The covariance matrix, denoted as \(S^2\), is central to PCA. It captures the pairwise covariances between features (dimensions) of the dataset.

Given a matrix \(\mathbf{A} \in \mathbb{R}^{n \times p}\), where \(n\) is the number of observations and \(p\) is the number of features, we first center the matrix by subtracting the mean of each column (feature). Let \(\mathbf{A}_c\) denote the centered data matrix.

The covariance matrix \(S^2 \in \mathbb{R}^{p \times p}\) is then computed as:

\[ S^2 = \frac{1}{n-1} \mathbf{A}_c^\top \mathbf{A}_c \]

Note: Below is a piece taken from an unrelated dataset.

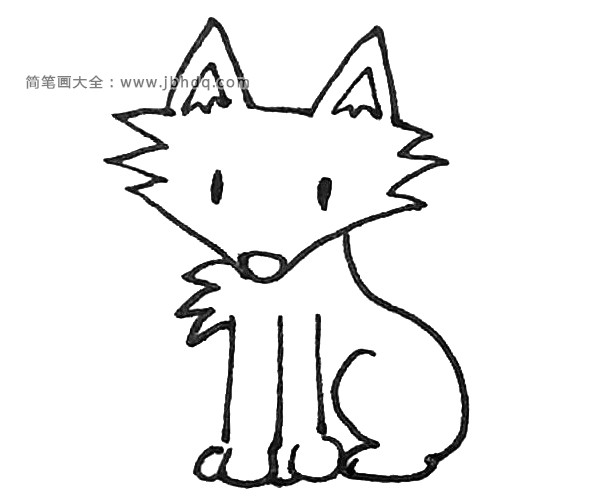 第五步：用弧线画出狐狸的身子，以及画出狐狸的后腿，注意弧线的变化。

Each entry \(S^2_{ij}\) represents the covariance between feature \(i\) and feature \(j\).

Definition 2.1 (Covariance Matrix) A matrix, denoted \(S^2\), that summarizes the relationships (covariances) between pairs of features in the dataset.

Covariance values:

If \(S^2_{ij} > 0\), then features \(i\) and \(j\) tend to increase together.
If \(S^2_{ij} < 0\), then features \(i\) and \(j\) tend to move in opposite directions.
If \(S^2_{ij} = 0\), then features \(i\) and \(j\) are uncorrelated.

2.2 Eigenvalues and Eigenvectors

2.2.1 Eigenvalue Decomposition

Eigenvalue decomposition plays a key role in PCA, allowing us to break down the covariance matrix \(S^2\) into its principal components.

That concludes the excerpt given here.